Let’s be honest – airport layovers stink, especially on international trips. But if you’re on a trip that takes you through Amsterdam and you have more than 5 hours to spare, you can have some fun during your layover. The city of Amsterdam is a quick train trip from the airport, and getting a taste of the city is easy.
A return ticket from Schipol Airport (AMS) to Centraal Station is only €9.40, and the trip takes about 30 minutes. As the name implies, Centraal is centrally-located relative to the rest of the city. After exiting the train you’re just a quick walk from the canals, shops and sights of the city. If you’ve got more than a few hours there are lots of museums and sights to see, as Teresa Carnegie writes about in her excellent post on Amsterdam. But when you’re pressed for time, there’s still a lot to do and see.
Getting Out Of The Airport
If you don’t want to carry bags with you on the train, storage lockers are available at the airport. Keep in mind that you will have to clear security and customs to re-enter the airport, so leave 2 hours at a minimum for this process.
If you’ve got less than 5 hours between flights it probably doesn’t make sense to take the trip into the city…just enjoy the airport, which is nice in its own right. But if you have the time, go and see the canals, have a coffee, and soak up the Dutch ambiance.
Amsterdam’s Centraal Station
As the name implies, the central station is the hub of Amsterdam’s rail network. It’s also the country’s biggest transfer point for locals and visitors. If you’re catching a train to other parts of the country or other places in Europe, chances are you’ll transit through the central station.

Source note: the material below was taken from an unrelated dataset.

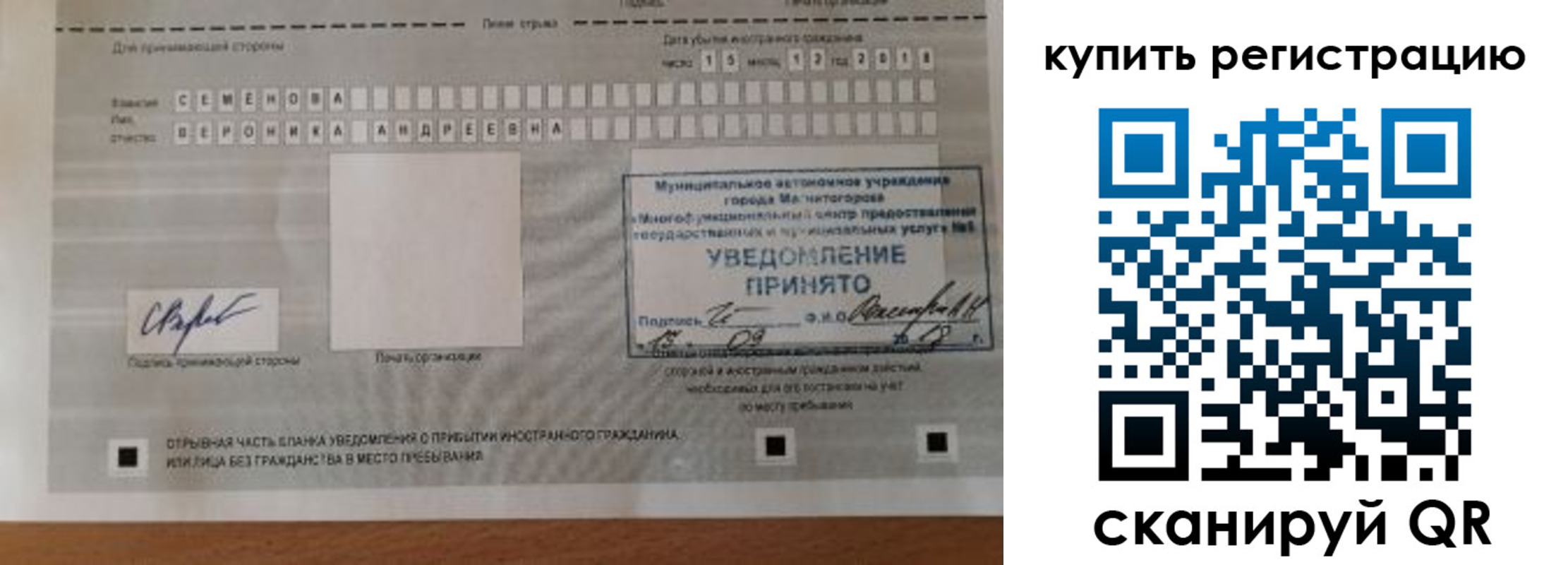 временная регистрация для всех в Котельниче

It’s also the location for one of Amsterdam’s main tourist offices. In this office you can find city maps and guides as well as abundant information to plan a longer trip.
Because it is so essential to the city’s transportation network, you’ll find lots of services available in the station. If you find you’ve got baggage to store, lockers are also available here. The station contains lots of shops and restaurants with many different food choices. Most are open from 7AM to 1AM, so tasty eats are nearly always available.
The station also offers bicycle rental service which will allow you to experience the city’s bike culture.
Things To Do Near Central Station
If you’re pressed for time, it’s wise to stick close to the train station for a quick trip back to the airport. But there are lots of things to do and see in a short period of time. Below are just a few ideas:
Oude Kerk (Old Church)
The Old Church is Amsterdam’s oldest building, dating from 1213. The church holds regular services three times a week, but is also more than a religious institution. The church also serves as an art museum and hosts many temporary art and culture exhibits. More information on visiting the church can be found on its website. The church is also within one of Amsterdam’s most widely-recognized tourist attractions: its Red Light District.
Red Light District
The website Amsterdam.info states that “…everything you’ve heard about the Red Light District is probably true.” Even if you have no plans to avail yourself of the services offered in the District, it’s still an interesting slice of Amsterdam’s culture. Prostitution is legal in Amsterdam, but not on city streets – so the women (and men) of the District sit inside shops behind glass windows.
If you visit this area, whatever you do – DO NOT take photographs of the women. The same applies inside clubs and restaurants in the District. It is strictly forbidden, and locals may become very aggressive when photographed. Keep in mind that the people plying their trade in this district are just that: people. Regardless of how you feel about what they do, they still deserve respect and courtesy.
If you visit during the day, you’ll probably find the District pretty tame. It only really gets going in the evenings. That said, it’s still an interesting place to walk through.
Koninklijk Paleis Amsterdam (Royal Palace Amsterdam)
The Royal Palace is one of the three places in The Netherlands that are reserved for the use of the royal family. It was originally built as a city hall in 1655, and became a royal palace in the early 1800s. The palace offers free audio tours in multiple languages. It is filled with many beautiful works of art, and the architecture is interesting in its own right. Opening hours vary, and the Palace is only accessible to the public when the royal family is not in residence. More information can be found on the Palace’s website.
Rembrandt House Museum
Rembrandt van Rijn is widely viewed as one of the greatest painters in history, and the most important figure in the Dutch world of art. His paintings may be seen in museums around the world, and his style spawned an entire movement of art in the mid-17th century.
Rembrandt lived and worked in the center of Amsterdam for 20 years, and his house has been turned into a gallery and museum of his life and work. It has been refurnished with period furniture, colors and decorations. If you’re in Amsterdam for a longer stay, the museum also offers educational and cultural programs to people of all ages.
Much more information about the Museum can be found on their website.
So much to do, so little time…
Just the central district of Amsterdam alone holds lots of interesting places to see and explore. You won’t be able to do everything with a short layover, but it’s enough to give you a nice appetizer of the city. Make sure to pick up some information at the local tourist office, and plan for your next stay in lovely Amsterdam!